No verão a fábrica trabalhava em contínuo e sempre que as situações o exigiam o MRM ficava até às tantas a ajudar a resolver os problemas. A OLÁ nessa altura lançou os bonequinhos FRANGINHAS E AMIGOS [dentro da embalagem do gelado havia uma surpresa: um boneco - geralmente pertencente a uma série de televisão com sucesso na época] e a produção não tinha mãos a medir. Eram tempos difíceis e era preciso dar ânimo às pessoas.

Entretanto a fábrica nova de Santa Iria começa a ser construída. Em determinada altura perguntei-lhe porquê, como Chefe de Produção, não tinha contactos com os holandeses que estavam a dirigir as obras? e o MRM respondeu-me que isso seria trabalho para um engenheiro que haveria de aparecer.

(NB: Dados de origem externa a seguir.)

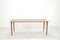 Norwegian Sculptural Teak Coffee Table by Rolf Rastad & Adolf Relling for Gustav Bahus 1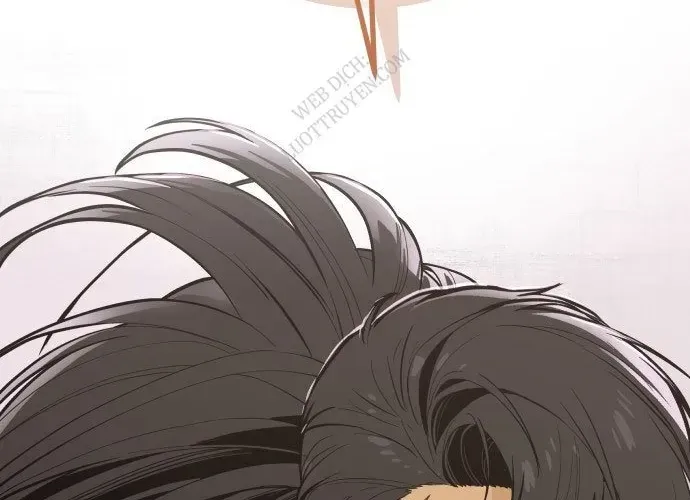 Bari, Tia Sét Đánh Thức Vì Sao Chapter 2 - 348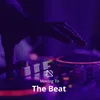 Moving To The Beat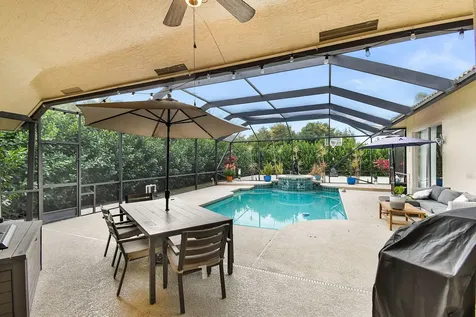 5445 Nw Dunn Road Port Saint Lucie FL 34983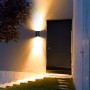 LED-verlichting voor buiten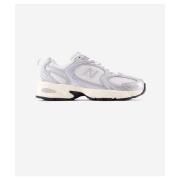 Lage Sneakers New Balance 530 Silver Metallic Reflection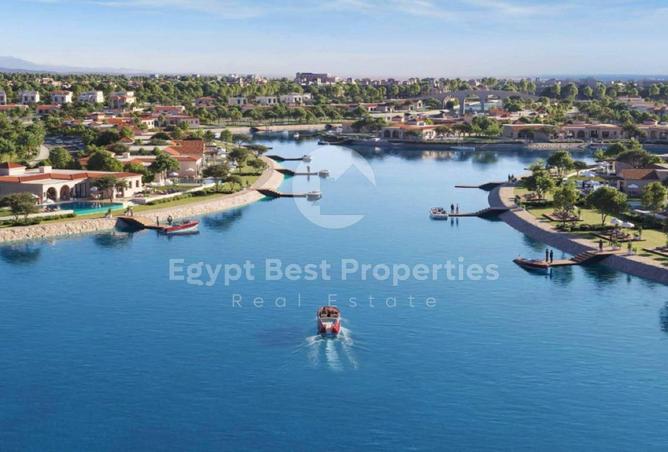 64393562 - الصورة الرئيسية للعقار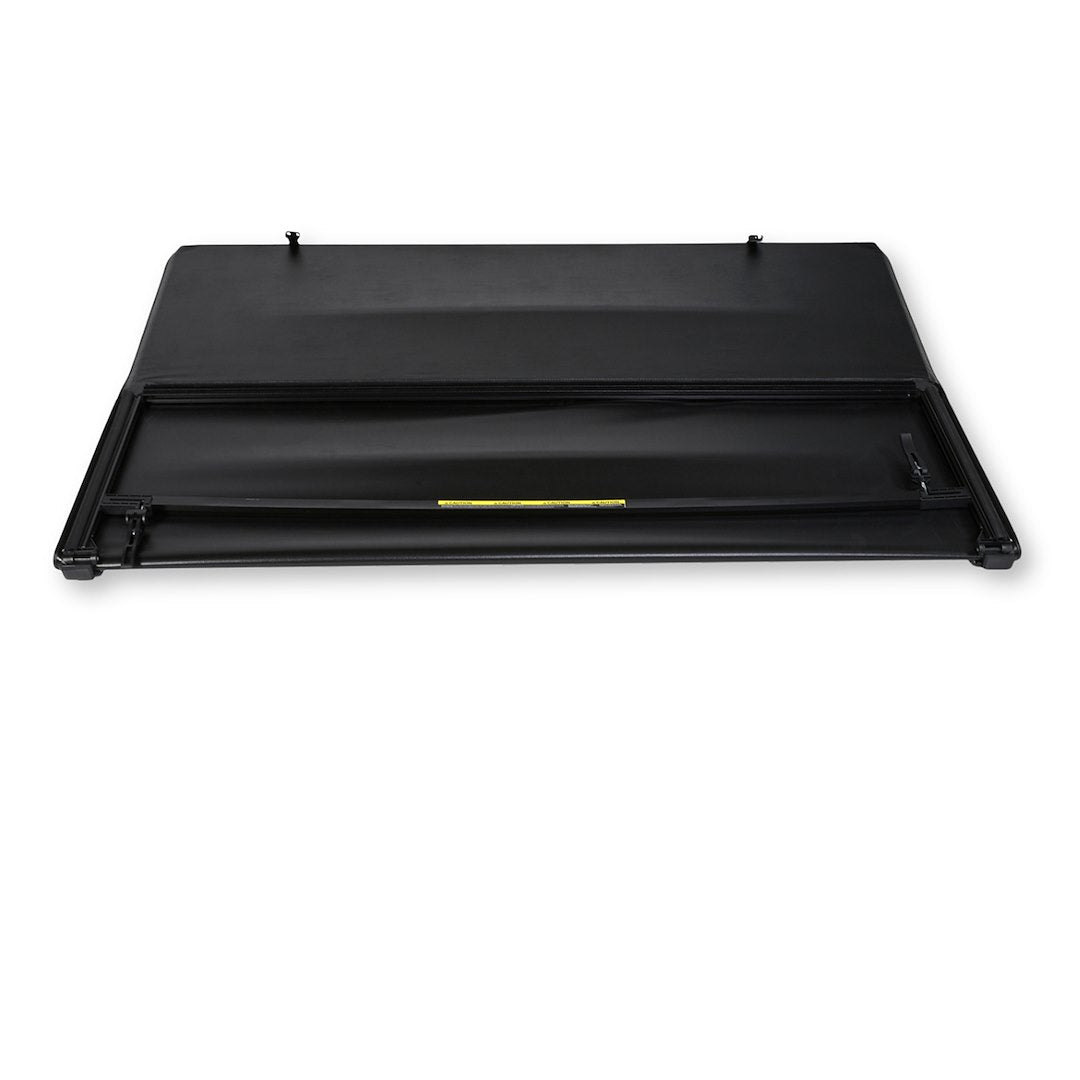 Trailfx Tfx1112 Tonneau Cover - image 2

E realmente apareceu o Eng.° E. Brum (EB). Aqui tenho que recordar uma cena que me contaram ter acontecido na Estefânia entre ambos (nessa altura eu fazia Planeamento Central e não estava na Estefânia):

Um dia o EB entra na fábrica da Estefânia [a situada em Lisboa] a questionar decisões do MRM. A discussão acalorou-se, as coisas azedaram e o MRM acabou por expulsar o EB dizendo-lhe que na Estefânia era ele que mandava.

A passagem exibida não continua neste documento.